Fred Swaniker - Entrepreneur, Founder of the African Leadership Academy and the African Leadership University
In Conversation with Pamela Srivastava, General Manager, Sustainability and Outreach, Shiv Nadar Foundation
The population of Africa is going to be 40% of the world by the end of the century, and have a larger workforce than India or China by 2025. Fred Swaniker is trying to make certain that this will not be a crisis but an opportunity to leverage this incredible human capital. His vision is that if these young people are educated and their skills and passions developed it will birth an engine for innovation and entrepreneurship for the whole world, not just Africa.
This remarkable man believes wholeheartedly in the potential of leaders to engender positive, lasting change. Inspired by Nelson Mandela, Elon Musk and Shiv Nadar, and seared by early memories of witnessing civil war, corruption and poverty, he grew up determined to do something for those less fortunate them himself. But first, he got himself scholarships and an education, doing his undergraduate degree in the US, and then returning to do his MBA at Stanford, right in the heart of Silicon Valley. Overawed by the openness to good ideas he encountered, he spent his time perfecting a business plan for what would become his life’s work: leadership education.

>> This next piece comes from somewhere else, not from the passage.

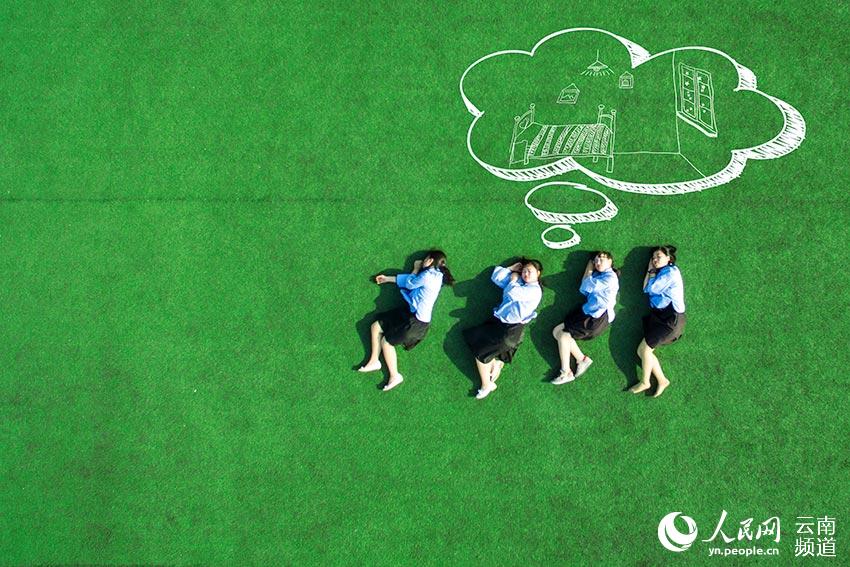 Innovative 'green earth' graduation photos go viral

But he didn’t go about it the regular way. As he says, ‘In Africa, there are many constraints – time, money, educated people – so we have to reimagine everything. We have no choice but to innovate – not just copy models in place in the rest of the world.’ The school Fred started when he came back was the African Leadership Academy, which seeks to find outstanding young people who can transform Africa through innovation and entrepreneurship. When he described it during the Conversations event on the Shiv Nadar Foundation’s FB page, many of our faculty, students and alumni must have nodded in understanding. The school is a means of using education to create leaders from an early age. The learning process is all about doing. The children start small ventures with all the attendant processes including getting funding, all the while imbibing important lessons about the world. The school then helps them get into top universities across the world. Fred hopes to produce 6000 leaders in the next few years, world-class talent which will do things that are not just setting high standards in Africa, but all over the world. The brilliance of this idea has been recognised – Bill Gates sent his daughter to the school for term.
Not content with this, Fred and his colleagues began to think bigger. They wanted their students to stay in Africa and not go abroad. And they wanted a university in Africa that would give them a shot at a new way of learning how to lead from the front. Fred began visiting colleges around the world to understand best practices. He visited the Shiv Nadar Schools and the Shiv Nadar University. He went back to Africa and decided he was going to scale up his plans. He would now produce 3 million leaders.
And the process is underway. At Fred’s unique university, you do not have a major, you have a mission – to work on solving one challenge that is facing Africa today, be it healthcare, infrastructure, climate change, governance, or youth and unemployment. The students then curate their own learning experience. Students are not graded on exams but on how well they are solving the problem they have taken on. By making the process student-driven, using the barrage of content available to everyone and the advantages of peer learning, as well as using technology, the university does away with the scarce resource of teachers except as facilitators. This makes scaling up easier too, and plans are afoot to have 100-200 sites where the university will be located.
Surely this is the way education of the future will look!
A visionary in every way, Fred Swaniker’s message to budding social entrepreneurs is this ‘It’s a very good time to start something now. Step up as an entrepreneur. Find a hard problem to solve. The world needs you!’